RocksDB 跟踪、回放、分析和工作负载生成



trace_replay API允许用户将查询信息跟踪到跟踪文件中。在当前实现中,Get、WriteBatch (Put、Delete、Merge、SingleDelete和DeleteRange)、Iterator (Seek和SeekForPrev)是trace_replay API跟踪的查询。 键、查询时间戳、值(如果应用)、cf_id形成一条跟踪记录。由于使用一个锁来保护跟踪实例,并且跟踪文件将有额外的IOs,因此DB的性能将受到影响。 根据目前在MyRocks和ZippyDB影子服务器上的测试,在这些影子中,性能并不是一个问题。来自相同DB实例的跟踪记录被写入二进制跟踪文件。 用户可以指定跟踪文件的路径(例如,存储在不同的存储设备中,以减少IO的影响)。

目前,可以使用db_bench重新播放跟踪文件。

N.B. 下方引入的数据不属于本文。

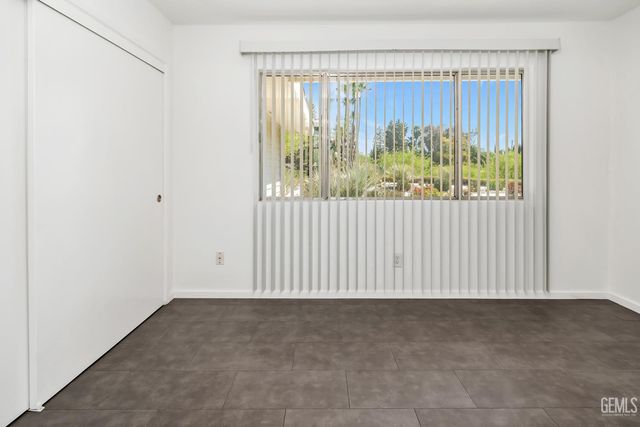 4200 Flintridge Drive, Bakersfield, CA 93306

跟踪文件中的查询记录根据时间戳重新播放到目标DB实例。 它可以重放几乎与所收集的工作负载相同的工作负载,这将提供更类似于生产的测试用例。


  1. Env* env = rocksdb::Env::Default();
  2. EnvOptions env_options;
  3. std::string trace_path = "/tmp/trace_test_example"
  4. std::unique_ptr<TraceWriter> trace_writer;
  5. DB* db = nullptr;
  6. std::string db_name = "/tmp/rocksdb"
  7. /*Create the trace file writer*/
  8. NewFileTraceWriter(env, env_options, trace_path, &trace_writer);
  9. DB::Open(options, dbname, &db);
  10. /*Start tracing*/
  11. db->StartTrace(trace_opt, std::move(trace_writer));
  12. /* your call of RocksDB APIs */
  13. /*End tracing*/
  14. db->EndTrace()


  1. ./db_bench --benchmarks=replay --trace_file=/tmp/trace_test_example --num_column_families=5


在用户使用trace_replay API完成跟踪步骤之后,用户将获得一个二进制跟踪文件。在跟踪文件中,Get、Seek和SeekForPrev使用单独的跟踪记录进行跟踪, 而Put、Merge、Delete、SingleDelete和DeleteRange的查询被打包到writebatch中。 需要一种工具: 1)将跟踪解释为人类可读的格式以便进一步分析; 2)提供丰富而强大的内存处理选项来分析跟踪并输出相应的结果; 3)易于向工具中添加新的分析选项和查询类型。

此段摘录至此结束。